First time posting here so please forgive any lack of adherence to best practices.
sin(x) is a transcendental function. However most common values for the angle x will yield an algebraic number result. In particular, sin(q) (in degrees) or sin(qπ) (in radians) will always be algebraic.
I can reverse-engineer a transcendental result by making y=sin(x), assigning a transcendental number to y in [-1, 1], and then solving for x. For example, sin(arcsin(1/e)) must be transcendental. But x=(arcsin(1/e)) is not what I would call a "niece value of x".
After a couple of hours researching the internet I didn't find much.
I have the intuition that sin(q) (q rational, not zero and in radians), as well as sin(k) (k irrational and in degrees, or in radians but not of the form qπ) would most of the times (or always?) be transcendental. And these would be "nice". But I know it can be extremely difficult to prove.
So the question is, are there "nice" values of x such as sin(x) is confirmed to be transcendental? I tried sin(1 radian) in Wolfram Alpha and it said it is transcendental. Is that true? How does it even know? What about other integers or π (in degrees)? Or 1/π, e, Φ, ln(2) or √2 (either in radians or degrees)? Would the sine of these numbers be transcendental?
As a consequence of the Lindemann–Weierstrass theorem, $\sin(x)$ is transcendental for any nonzero algebraic number $x$. The same happen with all the other trigonometric functions.
Here's the proof: Let $x$ a nonzero algebraic complex number. Assume $a = \sin(x)$ is algebraic.

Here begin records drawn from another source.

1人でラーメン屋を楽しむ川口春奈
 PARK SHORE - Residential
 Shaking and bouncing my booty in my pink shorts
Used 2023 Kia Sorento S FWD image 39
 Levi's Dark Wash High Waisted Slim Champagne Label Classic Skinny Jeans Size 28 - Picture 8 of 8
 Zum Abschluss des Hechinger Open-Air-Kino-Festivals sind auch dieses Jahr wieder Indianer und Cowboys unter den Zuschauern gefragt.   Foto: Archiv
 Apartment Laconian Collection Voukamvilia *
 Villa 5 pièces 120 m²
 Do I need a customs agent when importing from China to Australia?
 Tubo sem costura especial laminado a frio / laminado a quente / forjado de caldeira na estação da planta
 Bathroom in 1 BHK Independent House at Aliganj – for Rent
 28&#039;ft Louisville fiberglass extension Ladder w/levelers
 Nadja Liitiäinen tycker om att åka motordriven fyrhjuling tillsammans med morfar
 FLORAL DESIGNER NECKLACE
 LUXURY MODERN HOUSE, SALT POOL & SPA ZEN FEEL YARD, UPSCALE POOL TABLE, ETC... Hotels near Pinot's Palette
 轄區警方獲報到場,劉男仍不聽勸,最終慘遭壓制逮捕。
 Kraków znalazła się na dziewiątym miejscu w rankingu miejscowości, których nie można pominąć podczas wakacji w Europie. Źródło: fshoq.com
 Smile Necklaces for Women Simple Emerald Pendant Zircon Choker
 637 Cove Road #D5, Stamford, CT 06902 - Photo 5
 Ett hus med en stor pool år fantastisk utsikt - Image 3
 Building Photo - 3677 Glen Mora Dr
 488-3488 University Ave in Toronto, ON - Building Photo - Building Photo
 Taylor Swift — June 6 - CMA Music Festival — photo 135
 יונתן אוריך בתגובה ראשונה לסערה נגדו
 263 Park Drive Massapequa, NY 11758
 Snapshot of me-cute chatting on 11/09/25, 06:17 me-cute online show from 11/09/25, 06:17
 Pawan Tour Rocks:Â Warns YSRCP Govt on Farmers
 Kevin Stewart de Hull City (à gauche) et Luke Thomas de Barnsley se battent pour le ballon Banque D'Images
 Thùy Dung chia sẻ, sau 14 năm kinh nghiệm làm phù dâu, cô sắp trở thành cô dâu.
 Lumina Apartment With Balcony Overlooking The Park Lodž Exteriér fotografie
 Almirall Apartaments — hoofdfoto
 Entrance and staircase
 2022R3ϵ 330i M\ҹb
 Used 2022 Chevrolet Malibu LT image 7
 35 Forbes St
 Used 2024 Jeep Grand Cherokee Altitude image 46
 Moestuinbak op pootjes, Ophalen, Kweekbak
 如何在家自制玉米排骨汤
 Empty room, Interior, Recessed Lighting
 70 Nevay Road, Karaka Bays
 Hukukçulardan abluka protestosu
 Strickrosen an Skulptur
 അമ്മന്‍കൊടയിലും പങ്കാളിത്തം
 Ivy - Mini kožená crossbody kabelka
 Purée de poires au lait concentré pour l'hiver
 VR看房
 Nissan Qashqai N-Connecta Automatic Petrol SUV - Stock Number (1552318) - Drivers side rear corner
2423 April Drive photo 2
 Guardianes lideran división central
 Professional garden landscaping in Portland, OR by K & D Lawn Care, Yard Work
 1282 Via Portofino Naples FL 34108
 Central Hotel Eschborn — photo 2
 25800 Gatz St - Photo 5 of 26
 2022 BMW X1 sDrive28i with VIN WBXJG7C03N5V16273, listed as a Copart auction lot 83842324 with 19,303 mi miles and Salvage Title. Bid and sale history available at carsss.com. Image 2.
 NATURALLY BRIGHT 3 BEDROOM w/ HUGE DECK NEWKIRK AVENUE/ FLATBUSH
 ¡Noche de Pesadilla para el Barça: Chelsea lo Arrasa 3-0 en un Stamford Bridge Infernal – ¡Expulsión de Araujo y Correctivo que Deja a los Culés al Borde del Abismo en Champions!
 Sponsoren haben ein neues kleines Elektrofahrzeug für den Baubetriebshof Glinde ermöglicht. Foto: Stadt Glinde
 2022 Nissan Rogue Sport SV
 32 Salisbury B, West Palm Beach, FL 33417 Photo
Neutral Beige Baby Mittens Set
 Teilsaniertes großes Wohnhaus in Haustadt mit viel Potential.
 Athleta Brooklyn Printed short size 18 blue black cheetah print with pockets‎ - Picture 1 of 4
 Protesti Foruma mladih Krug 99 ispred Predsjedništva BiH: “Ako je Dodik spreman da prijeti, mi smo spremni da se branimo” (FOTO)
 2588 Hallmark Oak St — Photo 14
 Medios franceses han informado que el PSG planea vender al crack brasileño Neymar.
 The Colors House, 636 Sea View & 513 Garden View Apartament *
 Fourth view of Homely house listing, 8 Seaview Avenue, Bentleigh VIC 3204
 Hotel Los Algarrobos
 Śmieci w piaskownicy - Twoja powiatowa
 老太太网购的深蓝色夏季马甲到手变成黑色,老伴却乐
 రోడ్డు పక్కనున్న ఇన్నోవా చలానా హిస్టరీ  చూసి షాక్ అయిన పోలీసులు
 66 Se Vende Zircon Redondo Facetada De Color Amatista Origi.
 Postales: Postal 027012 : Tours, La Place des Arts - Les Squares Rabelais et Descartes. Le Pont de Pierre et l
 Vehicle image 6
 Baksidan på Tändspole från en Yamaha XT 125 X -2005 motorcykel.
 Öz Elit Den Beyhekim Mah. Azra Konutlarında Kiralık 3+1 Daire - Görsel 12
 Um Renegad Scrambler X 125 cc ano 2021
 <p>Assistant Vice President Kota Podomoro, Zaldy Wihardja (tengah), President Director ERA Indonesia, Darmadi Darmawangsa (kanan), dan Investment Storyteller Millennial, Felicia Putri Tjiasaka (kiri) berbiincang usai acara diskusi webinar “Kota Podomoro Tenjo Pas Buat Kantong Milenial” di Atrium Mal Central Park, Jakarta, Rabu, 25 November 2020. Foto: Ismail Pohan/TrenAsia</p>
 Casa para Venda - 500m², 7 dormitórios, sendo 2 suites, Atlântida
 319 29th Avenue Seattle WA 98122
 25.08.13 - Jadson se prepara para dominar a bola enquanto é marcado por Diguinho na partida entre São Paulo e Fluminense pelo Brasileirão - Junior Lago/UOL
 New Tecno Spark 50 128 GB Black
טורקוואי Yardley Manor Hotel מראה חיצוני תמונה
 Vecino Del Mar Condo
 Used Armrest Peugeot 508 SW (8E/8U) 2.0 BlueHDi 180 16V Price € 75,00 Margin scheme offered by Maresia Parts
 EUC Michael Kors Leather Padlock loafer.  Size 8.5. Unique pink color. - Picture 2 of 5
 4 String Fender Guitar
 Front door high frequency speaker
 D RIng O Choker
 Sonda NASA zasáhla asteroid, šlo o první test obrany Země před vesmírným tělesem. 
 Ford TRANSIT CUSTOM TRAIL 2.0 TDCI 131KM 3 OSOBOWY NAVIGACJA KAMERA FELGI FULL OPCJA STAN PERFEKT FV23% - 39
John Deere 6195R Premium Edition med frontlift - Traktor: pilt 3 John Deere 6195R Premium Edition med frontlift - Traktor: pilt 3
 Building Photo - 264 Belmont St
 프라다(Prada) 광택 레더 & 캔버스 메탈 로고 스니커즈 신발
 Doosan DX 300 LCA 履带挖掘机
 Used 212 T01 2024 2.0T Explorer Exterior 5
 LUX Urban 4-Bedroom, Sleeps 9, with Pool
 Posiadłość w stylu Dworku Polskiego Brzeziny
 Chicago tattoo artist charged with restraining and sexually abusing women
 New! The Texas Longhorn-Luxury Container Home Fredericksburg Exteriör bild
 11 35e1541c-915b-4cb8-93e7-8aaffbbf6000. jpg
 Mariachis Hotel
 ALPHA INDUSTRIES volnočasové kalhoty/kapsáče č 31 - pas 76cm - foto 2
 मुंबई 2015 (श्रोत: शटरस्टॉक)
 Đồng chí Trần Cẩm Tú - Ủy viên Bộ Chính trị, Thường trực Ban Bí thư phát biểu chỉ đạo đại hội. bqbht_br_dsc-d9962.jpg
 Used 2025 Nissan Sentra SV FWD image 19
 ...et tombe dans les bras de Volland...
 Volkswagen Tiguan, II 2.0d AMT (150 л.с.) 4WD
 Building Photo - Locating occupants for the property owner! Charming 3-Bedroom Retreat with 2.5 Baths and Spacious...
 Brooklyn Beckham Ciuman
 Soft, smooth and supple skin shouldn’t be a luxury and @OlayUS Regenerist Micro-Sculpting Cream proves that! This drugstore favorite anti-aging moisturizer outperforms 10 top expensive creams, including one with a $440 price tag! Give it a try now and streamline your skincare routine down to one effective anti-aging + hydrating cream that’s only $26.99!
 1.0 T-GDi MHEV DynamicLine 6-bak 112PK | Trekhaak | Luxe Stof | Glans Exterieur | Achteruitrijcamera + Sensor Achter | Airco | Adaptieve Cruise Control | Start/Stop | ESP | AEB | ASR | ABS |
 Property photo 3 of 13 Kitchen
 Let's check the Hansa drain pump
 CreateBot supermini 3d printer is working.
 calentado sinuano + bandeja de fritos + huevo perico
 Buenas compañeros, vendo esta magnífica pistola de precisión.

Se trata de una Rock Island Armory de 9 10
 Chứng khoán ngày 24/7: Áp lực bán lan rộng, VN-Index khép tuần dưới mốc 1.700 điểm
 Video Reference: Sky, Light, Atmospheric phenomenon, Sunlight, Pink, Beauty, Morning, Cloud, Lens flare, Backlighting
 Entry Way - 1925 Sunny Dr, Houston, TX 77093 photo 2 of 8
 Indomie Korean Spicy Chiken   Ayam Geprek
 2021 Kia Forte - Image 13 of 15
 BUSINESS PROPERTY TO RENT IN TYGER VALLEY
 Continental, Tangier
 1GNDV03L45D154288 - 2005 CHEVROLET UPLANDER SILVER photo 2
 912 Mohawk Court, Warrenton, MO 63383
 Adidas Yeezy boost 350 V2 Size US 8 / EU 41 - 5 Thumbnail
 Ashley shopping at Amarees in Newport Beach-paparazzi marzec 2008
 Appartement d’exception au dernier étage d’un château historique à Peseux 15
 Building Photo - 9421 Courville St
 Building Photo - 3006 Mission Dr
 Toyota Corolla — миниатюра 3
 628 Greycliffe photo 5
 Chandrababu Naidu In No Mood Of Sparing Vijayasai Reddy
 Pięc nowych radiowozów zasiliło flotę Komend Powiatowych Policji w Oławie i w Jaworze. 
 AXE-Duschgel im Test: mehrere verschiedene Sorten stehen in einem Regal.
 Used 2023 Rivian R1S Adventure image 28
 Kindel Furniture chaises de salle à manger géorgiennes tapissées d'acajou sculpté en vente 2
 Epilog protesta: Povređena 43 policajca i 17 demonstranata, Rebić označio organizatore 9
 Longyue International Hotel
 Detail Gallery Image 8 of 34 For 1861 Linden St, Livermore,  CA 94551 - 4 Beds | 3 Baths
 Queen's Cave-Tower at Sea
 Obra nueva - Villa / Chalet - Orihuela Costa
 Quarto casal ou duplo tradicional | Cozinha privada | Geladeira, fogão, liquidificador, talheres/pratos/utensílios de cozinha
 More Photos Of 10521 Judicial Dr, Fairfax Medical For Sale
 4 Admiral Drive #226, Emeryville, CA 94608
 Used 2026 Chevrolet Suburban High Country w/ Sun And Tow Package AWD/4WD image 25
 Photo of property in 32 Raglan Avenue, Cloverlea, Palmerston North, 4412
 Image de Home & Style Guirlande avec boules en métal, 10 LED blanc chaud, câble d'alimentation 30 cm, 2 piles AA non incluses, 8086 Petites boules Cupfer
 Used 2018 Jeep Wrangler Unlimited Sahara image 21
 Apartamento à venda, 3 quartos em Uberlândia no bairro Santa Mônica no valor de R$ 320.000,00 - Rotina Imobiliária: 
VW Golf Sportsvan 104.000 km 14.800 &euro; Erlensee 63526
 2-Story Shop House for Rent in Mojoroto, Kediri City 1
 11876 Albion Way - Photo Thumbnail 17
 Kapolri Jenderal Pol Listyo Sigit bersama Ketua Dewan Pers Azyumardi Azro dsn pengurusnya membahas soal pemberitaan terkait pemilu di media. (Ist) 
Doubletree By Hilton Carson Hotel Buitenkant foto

Then $$a = \frac{e^{ix}-e^{-ix}}{2i}$$ so
$$(e^{ix})^2-2ai e^{ix}-1 = 0$$
Since the polynomial $z^2-2aiz-1$ has algebraic coefficients, its roots are algebraic, that is $e^{ix}$ is algebraic, but this contradicts this particular case of the Lindemann–Weierstrass theorem: If $z$ is a nonzero algebraic number, then $e^z$ is transcendental.